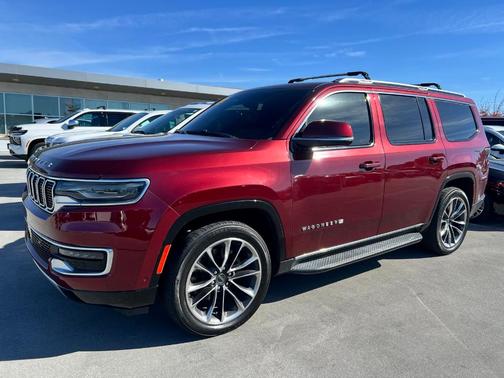 2022 Jeep Wagoneer Series II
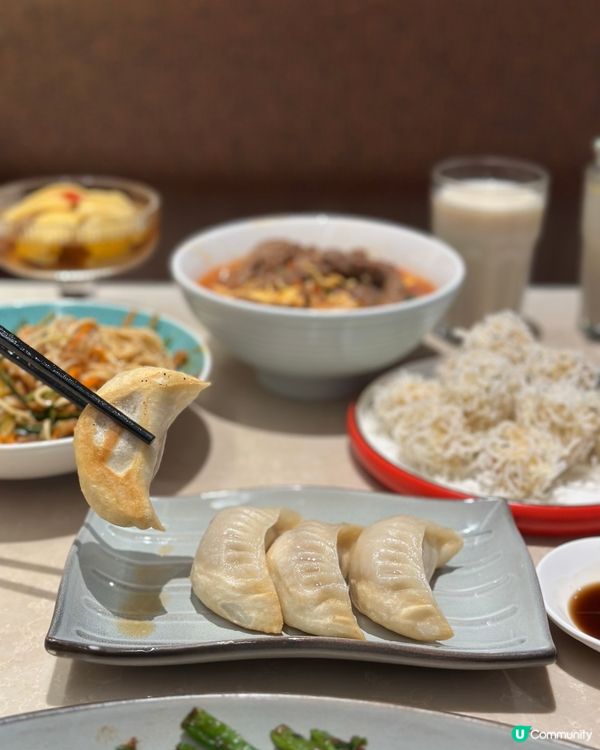 啟德食上海菜小籠包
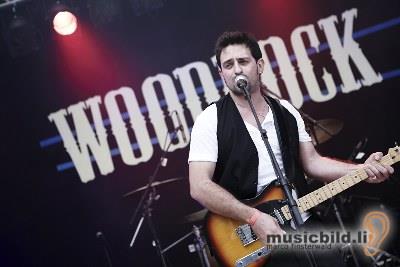 Melonmoon am Woodrock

* [Exercise details]: The reply should repeat the data in full, exactly as given, and contain no pictures.

* [Exercise output]:
 2022 Jeep Wagoneer Series II
 啟德食上海菜小籠包
 Melonmoon am Woodrock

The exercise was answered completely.